● **Your objective**
Please give back, word for word, only the lines starting at the one containing "ST123 Колготки, плотность" and ending at the one containing "Hope by Irina" within the material below.

● **Dataset**

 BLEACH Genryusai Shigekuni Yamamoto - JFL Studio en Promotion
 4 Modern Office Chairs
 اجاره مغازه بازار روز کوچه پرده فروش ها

* * *

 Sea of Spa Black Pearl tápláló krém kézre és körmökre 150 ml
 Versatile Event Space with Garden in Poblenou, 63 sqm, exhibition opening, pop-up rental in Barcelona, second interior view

==

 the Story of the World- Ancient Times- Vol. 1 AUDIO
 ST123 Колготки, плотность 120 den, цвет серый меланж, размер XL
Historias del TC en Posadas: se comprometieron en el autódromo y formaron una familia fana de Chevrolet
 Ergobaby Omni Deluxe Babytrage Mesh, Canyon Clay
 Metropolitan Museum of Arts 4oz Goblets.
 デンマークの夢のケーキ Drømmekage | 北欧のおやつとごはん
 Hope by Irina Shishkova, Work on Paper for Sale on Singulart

● **Solution for this exercise**
 ST123 Колготки, плотность 120 den, цвет серый меланж, размер XL
Historias del TC en Posadas: se comprometieron en el autódromo y formaron una familia fana de Chevrolet
 Ergobaby Omni Deluxe Babytrage Mesh, Canyon Clay
 Metropolitan Museum of Arts 4oz Goblets.
 デンマークの夢のケーキ Drømmekage | 北欧のおやつとごはん
 Hope by Irina Shishkova, Work on Paper for Sale on Singulart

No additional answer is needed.